Property Method (A) Smoothing Method (C) Stratum-Aware
Gradient accuracy (within stratum) Biased by temperature k Analytically exact
Gradient existence (cross stratum) Non-zero everywhere Zero where objective is stratum-invariant
Boundary behavior Smooth but imprecise Precise but discontinuous
Optimization scope Global (can cross boundaries) Local (within current stratum)

Neither method alone is sufficient for all optimization scenarios. The optimal strategy depends on the optimization phase:

  1. Exploration phase: Use Method (A) with large k to discover which stratum contains the optimum. The smoothing kernel provides global gradient signal at the cost of precision.
  2. Refinement phase: Switch to Method (C) for exact convergence within the target stratum.
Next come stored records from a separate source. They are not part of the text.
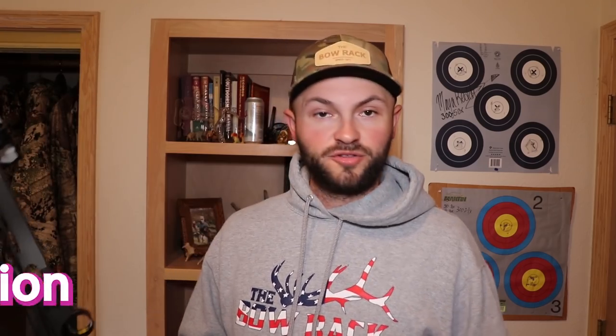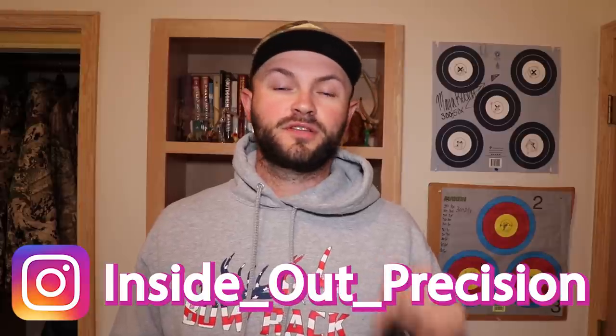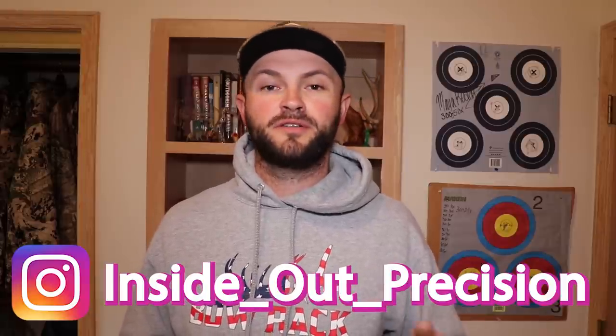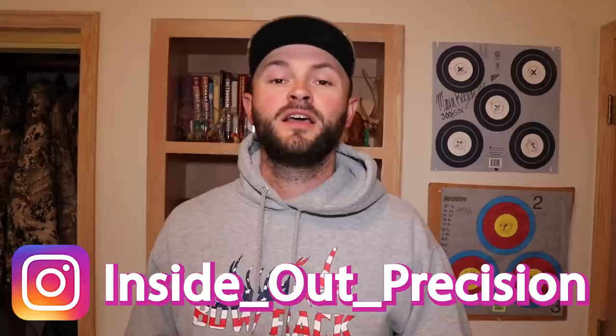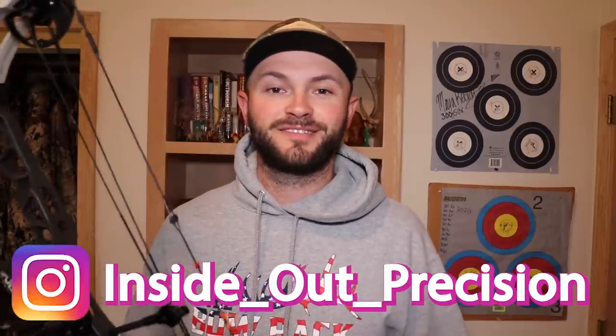I hope that answers some of the questions. I get a ton of these questions on tuning and it's hard to diagnose over text, but that's always where I start — cam timing, is your arrow level through the burger hole, is your rest centered. If you have any more questions on this, hit me up on Instagram or hit the comment section below. Hit that subscribe button if you haven't already. Until next time, remember: precision is a decision, keep them in the middle, and I'll see you on the range.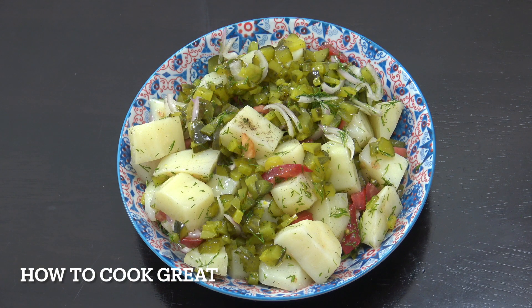And there you have it — really, really simple, beautiful salad. I hope you enjoy that. Keep safe, keep well, I'll see you soon. Lots of love.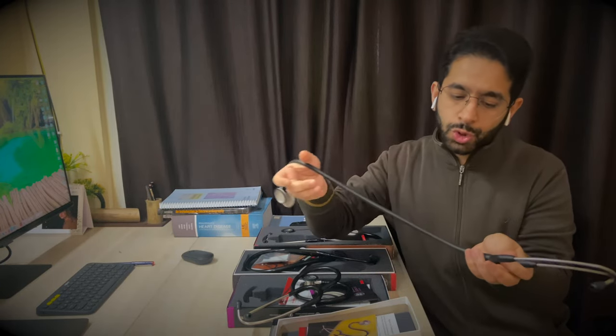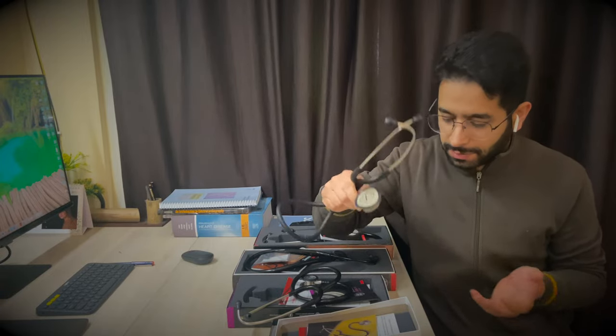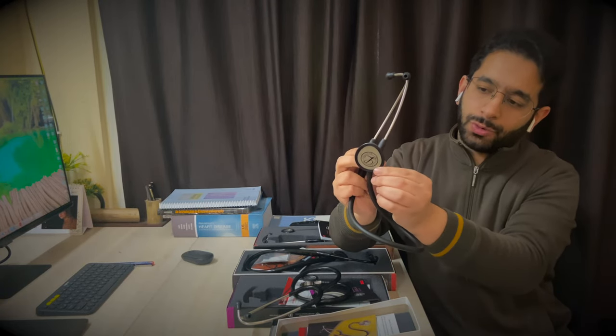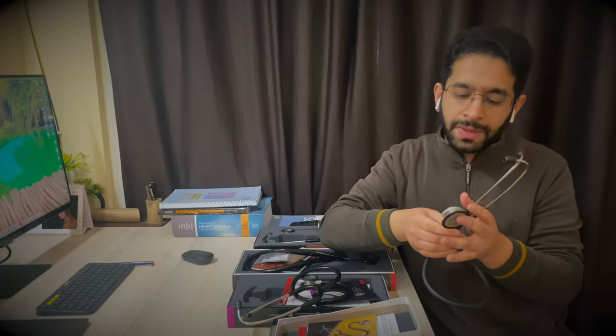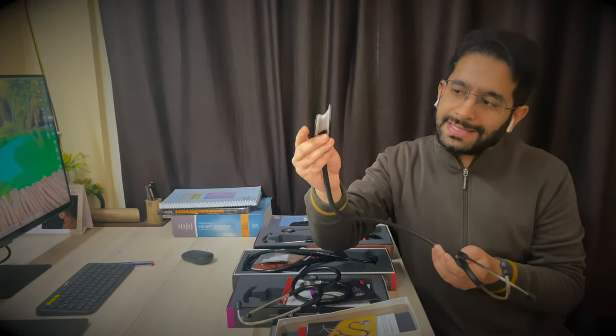Starting with the lightweight stethoscope: it has a chest piece, tubing, air tubings, and earbuds. It's the lightest of all, around 120–130 grams. Its diaphragm is almost a teardrop shape, designed so the front part slides underneath a blood pressure cuff. It is ideally recommended for physicians or nurse practitioners to measure blood pressure and perform basic physical exams, or record gross abnormalities of cardiac and breath sounds.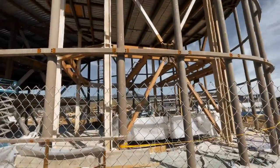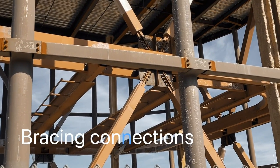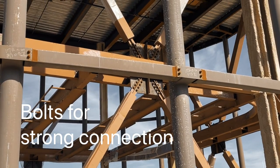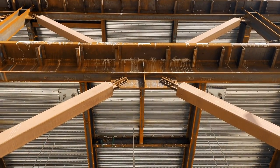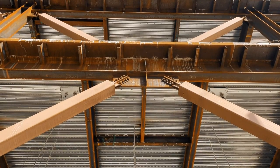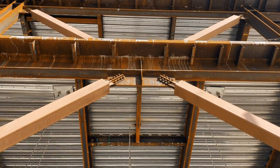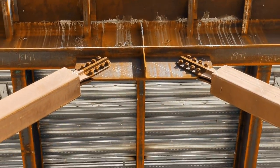Now you see the bracing right here. See how many bolts they have — they allow some movement in the middle. This is the connection of the diagonal bracing. When an earthquake happens, the connection is always the first to fail, so this is really important.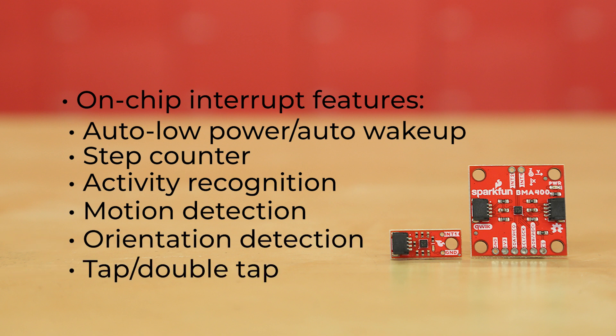The standard quick breakout board has a pair of horizontal quick connectors as well as pins broken out at 0.1 inch spacing for breadboarding. The micro breakout has just a single horizontal quick connector.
Analytical gradients eliminate smoothing bias.

Analogy with Differentiable Rendering

This complementarity mirrors the evolution of differentiable rendering:

  • SoftRas (2019): Probabilistic rasterization provides gradients for fully occluded objects (analogous to Method A providing cross-stratum signal)
  • nvdiffrast (2020): Analytic edge derivatives provide exact gradients at visibility boundaries (analogous to Method C providing exact within-stratum gradients)
  • Modern practice: Coarse-to-fine scheduling combining soft rasterization for initialization with analytic gradients for refinement

BRepAX follows the same trajectory for CAD geometry.

Empirical Evidence

Within-stratum (Method C excels)

Optimizing r1 within the intersecting stratum: - Method (C): converges to target with position error 7e-6 in 6 steps - Method (A): converges to biased optimum with position error 0.021 in 6 steps

Method (C) is 3000x more precise.

Cross-stratum (Method A provides signal)

Optimizing c2_x from disjoint (d=3.0) toward intersecting target (d=1.5): - Method (C): gradient = 0.0 (area independent of center in disjoint stratum) - Method (A): gradient = 7.5e-4 (smoothing kernel extends beyond boundary)

Method (A) provides weak but nonzero signal; Method (C) is mathematically stuck.

Design Implications

The hybrid strategy will be implemented as an optimizer-level concern, not a modification to the Boolean operation API. The union_area() function remains method-agnostic; the caller selects the method based on optimization phase. A coarse-to-fine scheduler is planned for future implementation.